Diese Art der Arbeitslosenrate eignet sich besser als die Zinskurve, um eine Rezession zu prognostizieren, auch wenn beide grundsätzlich parallel verlaufen (Grafik 2). Die Zinskurve ist allerdings volatiler und hat ein großes Problem. Invertiert sie, kommt es erst mit großer Verzögerung zur Rezession.

Im Durchschnitt invertiert die Zinskurve 15,5 Monate vor dem Beginn einer Rezession. Es können aber auch einmal 18 oder 24 Monate sein (Grafik 3). Damit ist das Signal für Anleger grundsätzlich unbrauchbar. Der Aktienmarkt schaut ungefähr sechs Monate in die Zukunft. 24 Monate interessieren kaum.

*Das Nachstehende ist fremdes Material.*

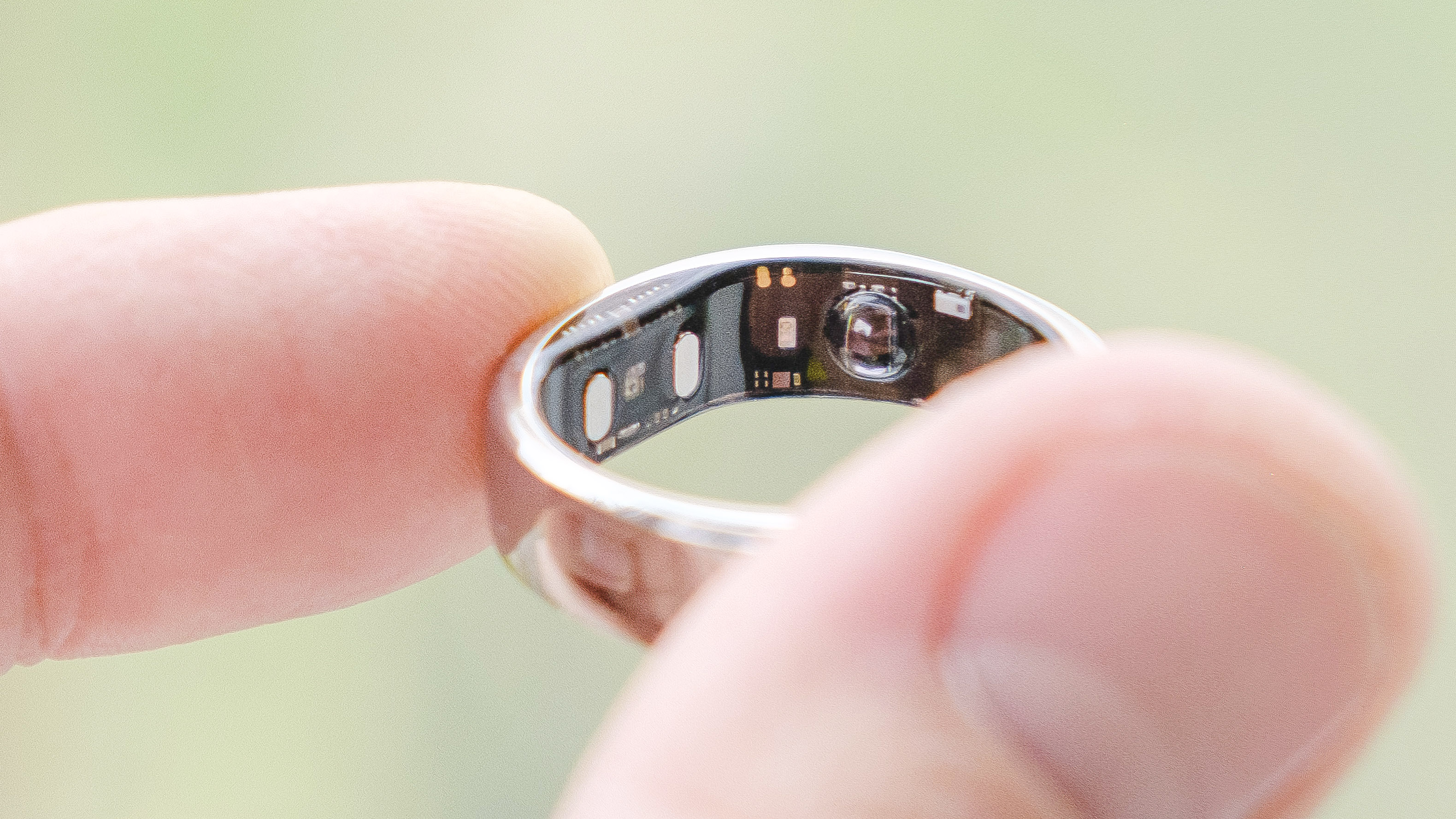 מקרוב את הטבעת החכמה של RingConn Gen 2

Die geglättete Arbeitslosenrate ist da besser. Sie verkürzt den Prognosehorizont auf 6-8 Monate. Die in Grafik 4 dargestellte Glättung ist nicht ganz die gleiche, die die Fed verwendet. Der Eindruck ist jedoch der gleiche. Die Arbeitslosenrate dreht kurz vor Rezessionsbeginn nach oben. Aktuell tendiert sie weiter abwärts.

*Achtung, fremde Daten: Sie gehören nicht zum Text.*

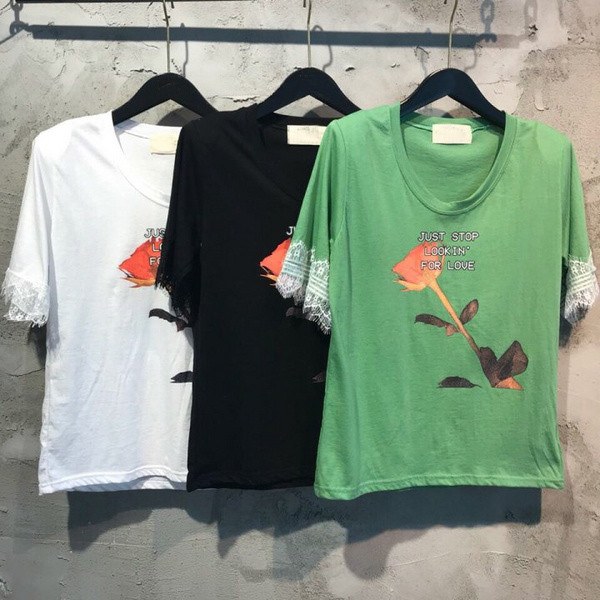 Bluza de dama casual cu dantela pe maneci si aplicatie in doua culori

Dadurch können Anleger einerseits aufatmen. Eine Rezession ist im ersten Halbjahr 2023 nicht zu erwarten. Andererseits braucht es wohl eine deutlich straffere Geldpolitik, damit das Inflationsziel über den Umweg Arbeitsmarkt erreicht wird. Konjunkturängste sind kurzfristig unbegründet. Der Arbeitsmarkttrend gibt der Fed sogar die Erlaubnis, die Zinsen weiterhin kräftig anzuheben. Sie wird sich allerdings vorerst an ihren eigenen Fahrplan halten, sodass ein geringeres Tempo zu erwarten ist.